Thursday, February 2, 2012

Paul Hawken -- The Long Green (History of the eco movement)

Great talk by Paul Hawkin given at the Long Now.

Paul Hawken coined the term restoration economy, and popularized the ideas of ecosystem services and natural capital. His current thinking (courtesy of wikipedia)

It is axiomatic that we are at a threshold in human existence, a fundamental change in understanding about our relationship to nature and each other. We are moving from a world created by privilege to a world created by community. The current thrust of history is too supple to be labeled, but global themes are emerging in response to cascading ecological crises and human suffering. These ideas include the need for radical social change, the reinvention of market-based economics, the empowerment of women, activism on all levels, and the need for localized economic control. There are insistent calls for autonomy, appeals for a new resource ethic based on the tradition of the commons, demands for the reinstatement of cultural primacy over corporate hegemony, and a rising demand for radical transparency in politics and corporate decision making. It has been said that environmentalism failed as a movement, or worse yet, died. It is the other way around. Everyone on earth will be an environmentalist in the not too distant future, driven there by necessity and experience

Sound fades out at 41 minute mark. Some great historical nuggets and deep insights.

We live in a time when the dominant myth is end-times. True both for Islam and Christianity. Also Hindu signs of the end times.

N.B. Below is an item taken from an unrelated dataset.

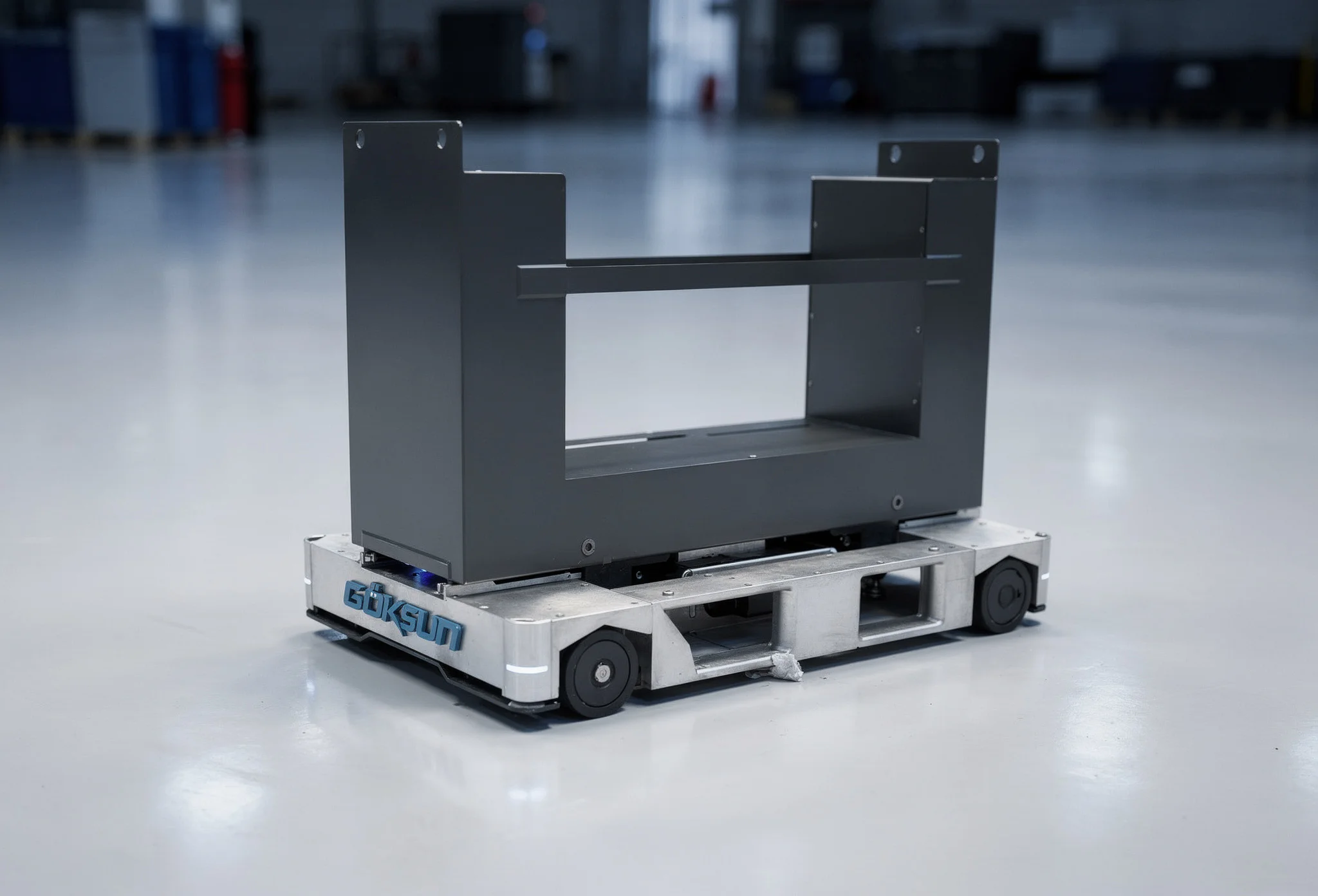 Lithium Battery Casing Solutions image 3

In the 1800s and early 1900s, it was creation. It was also creationism, as in spontaneous generation or God made the world in its current form. Some of the same stuff Darwin fought agaist.

He has the Thoreau quote
I have great faith in a seed. Convince me that you have a seed in there, and I am prepared to expect wonders.
This is from late in Thoreau's life.

The myth is important, since (in politics, over at least the last two centuries) theology trumps science.